There was also a classic thread that surfaced recently on HN about a compression challenge whereby someone tried to disengenuously attempt to compress a file of random data (uncompressable by definition) by splitting it on a character then deleting that character from each file. Was a simple algorithm, that appeared to require fewer bits to encode. The problem is, all this person did was shift the bits to the filesystem’s metadata, which is not obvious from the command line. The final encoding ended up taking more bits once you take said metadata into account.

karpierz · on April 7, 2020

Then that becomes part of the payload that you decompress, and you no longer have a 0 byte payload.

ebg13 · on April 7, 2020

"I will custom write a new program to (somehow) generate each image and then distribute that instead of my image" is not a compression algorithm. But I think you'd do well over at the halfbakery.

yters · on April 7, 2020

It works well if it's the only image!

ebg13 · on April 7, 2020

Now you're chasing your own tail. You've gone from "I can losslessly compress everything" to "I can losslessly compress exactly one thing only".

yters · on April 7, 2020

I'm arguing it's the same as this image compression technique. They rely on a huge neural network which must exist wherever the image is to be decompressed.

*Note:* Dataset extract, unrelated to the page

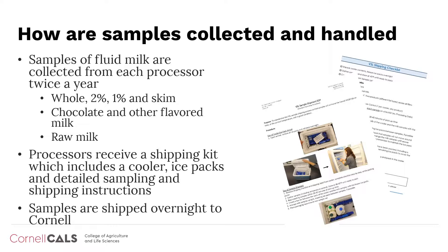Approximately every six months, each participating processor is scheduled to send samples for VSL testing. Typical samples collected include pasteurized whole, 2%, 1%, and skim milk in various sizes and packages in order to identify quality patterns for different products and corresponding processing equipment. Sampling also includes chocolate and other flavored milk products, as well as a raw milk sample, which should be collected to represent the raw material used for the pasteurized product processed. Processors receive a shipping kit, which includes a cooler, ice packs, and detailed sampling and shipping instructions. Project and extension staff are available to answer questions or provide support as needed.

If I'm allowed to bring along an unlimited amount of background data, then I can compress everything down to zero bits.

In contrast, an algorithm like LZ78 can expressed in a 5 line python script and perform decently on a wide variety of data types.

ebg13 · on April 7, 2020

> If I'm allowed to bring along an unlimited amount of background data, then I can compress everything down to zero bits.

If by "background data" you mean the decompressor, this is patently false. No matter how much information is contained in the decompressor (The Algorithm + stable weights that don't change), you can only compress one thing down to any given new representation ( low resolution image + differential from rescale using stable weights ).

If by "background data" you mean new data that the decompressor doesn't already have, then you're ignoring the definition of compression. Your compressed data is all bits sent on the fly that aren't already possessed by the side doing the decompression regardless of obtuse naming scheme.

> I'm arguing it's the same as this image compression technique.

That's wrong, because this scheme doesn't claim to send a custom image generator instead of each image, which is what you're proposing.

mypalmike · on April 7, 2020

The neutral network is not an unlimited amount of data. It is fixed size, and not transferred.

Further, if you're not familiar with the pigeonhole principle, it might be worth a read on Wikipedia.

atorodius · on April 7, 2020

You are missing the point that you can use the same algorithm to compress N → infinity images. So the algorithm size amortizes.

yters · on April 7, 2020

Is that true?

nullc · on April 7, 2020

Unless it's overfit on some particular inputs, but if so-- it's bad science.

Ideally they would have trained the network on a non-overlapping collection of images from their testing but if they did that I don't see it mentioned in the paper.

The model is only 15.72 MiB (after compression with xz), so it would amortize pretty quickly... even if it was trained on the input it looks like it still may be pretty competitive at a fairly modest collection size.

chickenpotpie · on April 7, 2020

Yes you can. However, it doesn't mean it's good lossless compression.